> **WORK REQUIRED**:
From the line that has "Alaa Shamaa" down to the last line of the data below, set down every line exactly, but none of the pictures.

Scraped caption text data:

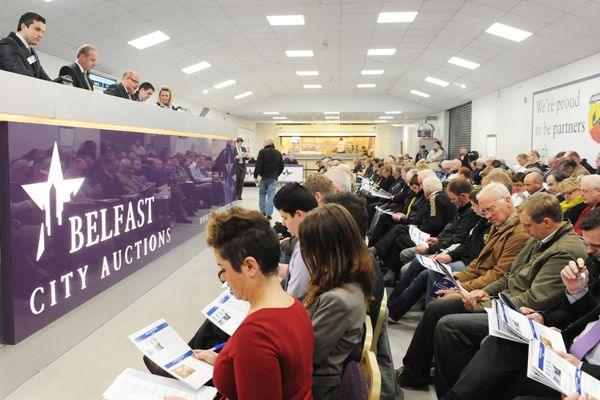 Catering Equipment, Hotel Clearance, Bar, Restaurant & Night Club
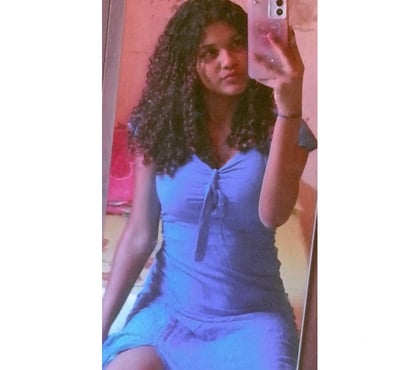 Acompanhantes - Fotos para NÃO FAÇO PROGRAMA AMOR, SÓ VENDO CONTEUDOS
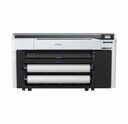 SC-T8500DM front view - Epson SureColor SC-P8500DM 44" A0 MFP Printer (C11CH84301A1)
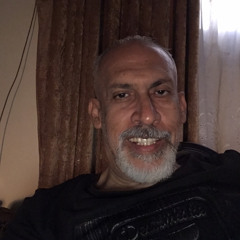 Alaa Shamaa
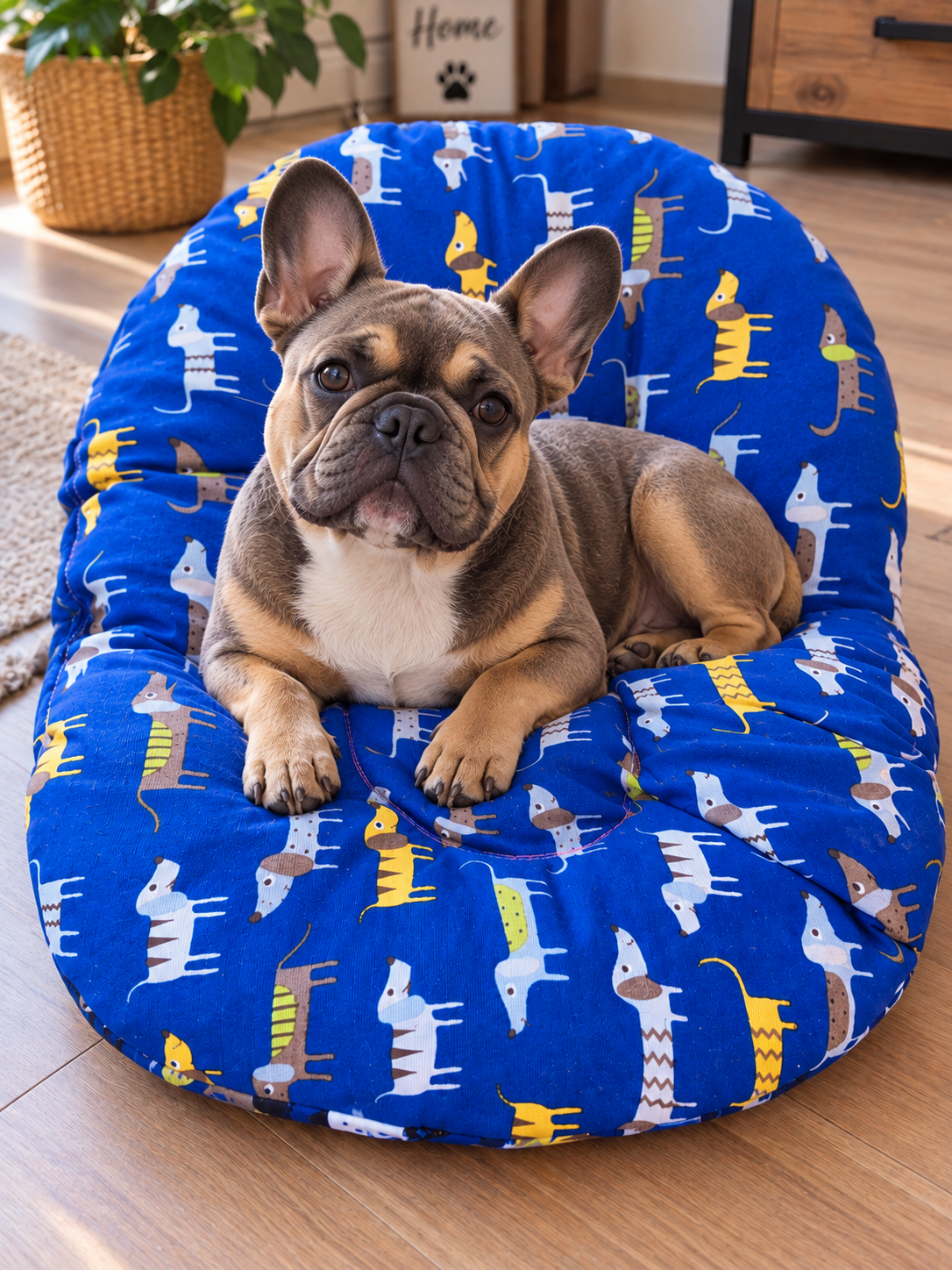 coussin6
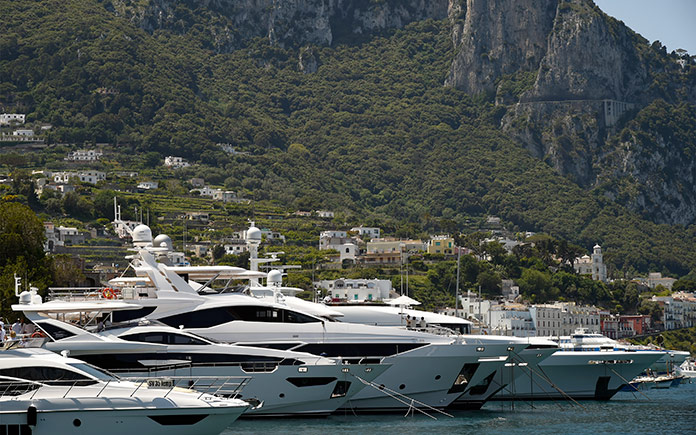 yachts-italian-lifestyle-capri-yachting-gala-4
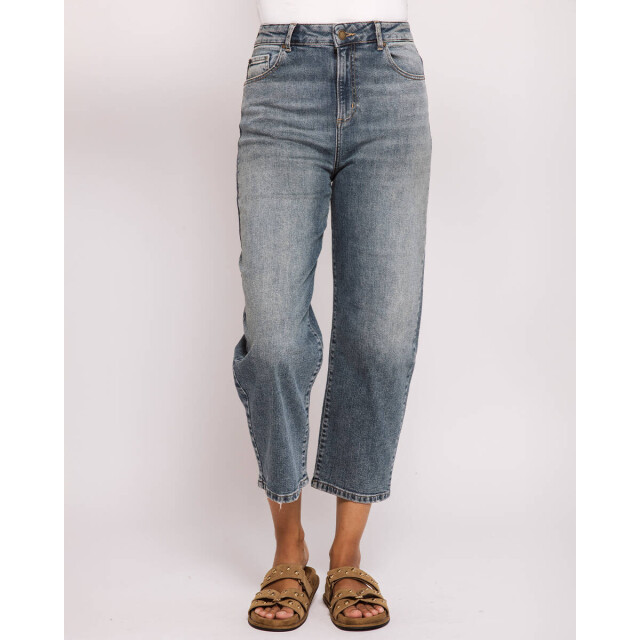 Zhrill Jeans d007-w7016 zhiza Zhrill Jeans D007-W7016 ZHIZA large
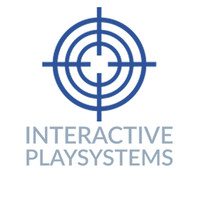 Interactive Playsystems logo, Interactive Playsystems contact details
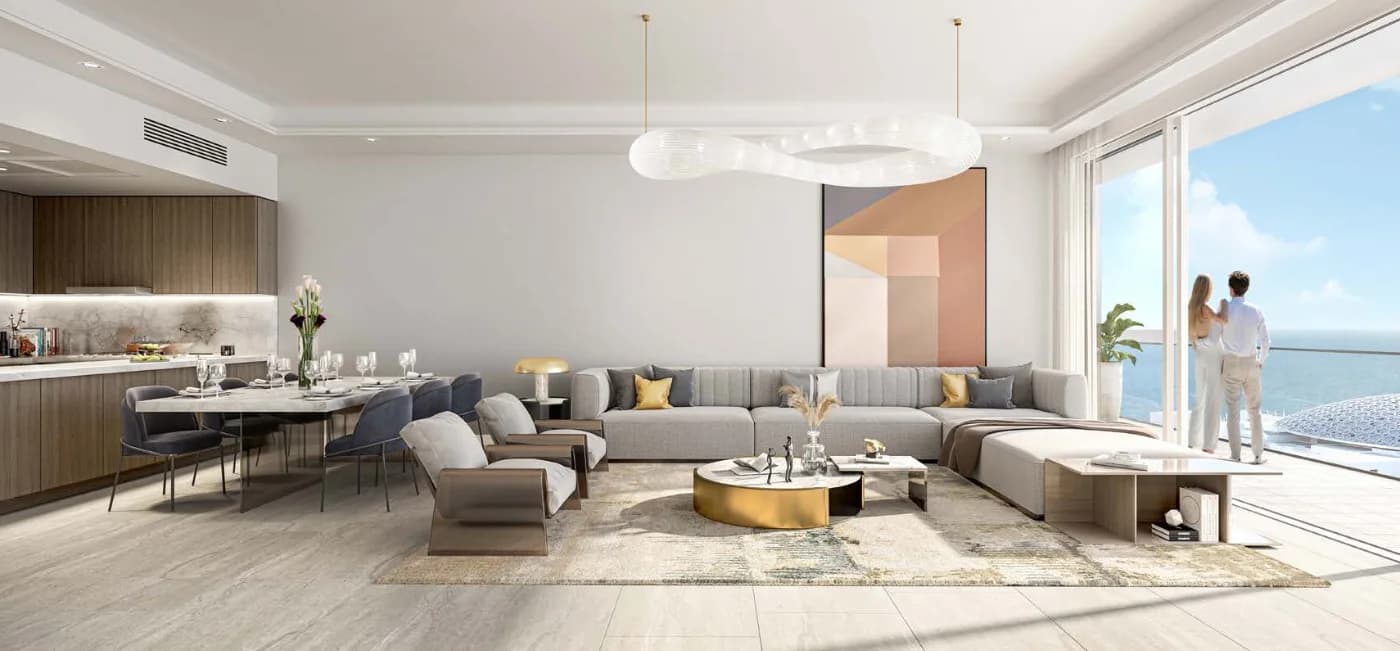 Saadiyat Grove · 3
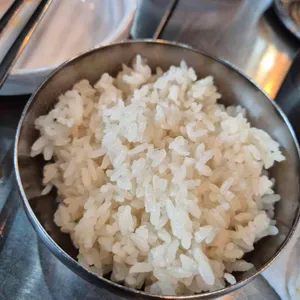 천년솥뚜껑매운탕바베큐 대표 사진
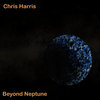 Beyond Neptune Cover Art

> **RESULT FOR THIS TASK**:
 Alaa Shamaa
 coussin6
 yachts-italian-lifestyle-capri-yachting-gala-4
 Zhrill Jeans d007-w7016 zhiza Zhrill Jeans D007-W7016 ZHIZA large
 Interactive Playsystems logo, Interactive Playsystems contact details
 Saadiyat Grove · 3
 천년솥뚜껑매운탕바베큐 대표 사진
 Beyond Neptune Cover Art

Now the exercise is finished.